France steps up sustainable transformation with mission-led business law

Mon 20 Jun 2022

France’s innovative and incentivising Action Plan for Business Growth and Transformation (PACTE) law lays the legal foundations for corporate social responsibility. With more than 400 companies established as “sociétés à mission” – mission-led businesses – by the end of 2021, this new scheme is an undeniable success. The number of mission-led companies has doubled in a year and is particularly favoured by companies with fewer than 50 staff.

An approach impacting all levels of the company

In amending Article 1833 of the Civil Code, the legislator gives the option for all French companies to consider the social and environmental aspects of their business. Under the PACTE law, adopting mission-led status acknowledges that a company not only has purely lucrative goals but, through social and environmental objectives, can contribute to the common good through co-construction with stakeholders. Going beyond the measures taken by the company, the law encourages boards of directors and other management bodies to take responsibility for their contribution and the role they have to play. Thus, the inclusion of social and environmental issues is no longer limited to the company’s actions but represents commitment at the highest level.

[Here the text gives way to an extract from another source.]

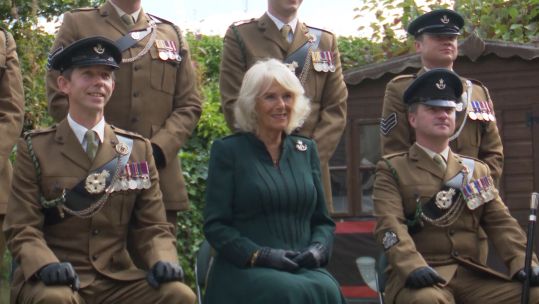 Camilla alongside personnel from 3 Rifles during a visit to Edinburgh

A demanding but engaging opportunity

Committing to becoming a mission-led company involves defining stated social and environmental objectives in the company’s articles of association and establishing a new governance model with the creation of a dedicated monitoring committee. It also involves a biannual audit by an independent third-party body, in line with the procedures defined by Decree 2020-1 of 2 January 2020 on mission-led companies. The first audit must occur within 18 months of implementing mission-led objectives.

This opportunity is both demanding and engaging. There are two main risk considerations for companies going down this road. The first is a legal one linked to the potential revocation of mission-led company status. The second is reputational in ensuring that resources committed are commensurate with stated mission-led objectives and that there is transparency on expectations to avoid opposition from stakeholders.

At a time when companies are being closely scrutinised by their stakeholders, great care must be taken in defining mission-led objectives. Words chosen must not just be seen as a communication tool but also act as a driver on the commitment to align actions and strategy with the challenges of sustainable development.

Mission-led companies reflect a variety of profiles

It is worth noting that mission-led company status has really taken off among Very Small Enterprises (VSEs) and Small to Medium Enterprises (SMEs) that have made social and environmental issues an integral part of their business model from the outset. Large groups are not wholly absent, but are clearly in the minority.

The investment sector and management companies, such as Mirova, Sycomore, Citizen Capital and Ecofi, are well represented. Aware of the sector’s key issues and expectations in the areas of responsibility and sustainability, each of these companies has placed having a beneficial impact at the heart of its mission.

The challenge of aligning strategy with purpose

Beyond simple enthusiasm, it is now a question of ensuring that the practical implementation matches the level of initial ambition to avoid “mission-washing”. With many more companies expected to adopt mission-led status during 2022, transparency with stakeholders on the measures and actions taken will be essential in translating corporate purpose into concrete actions.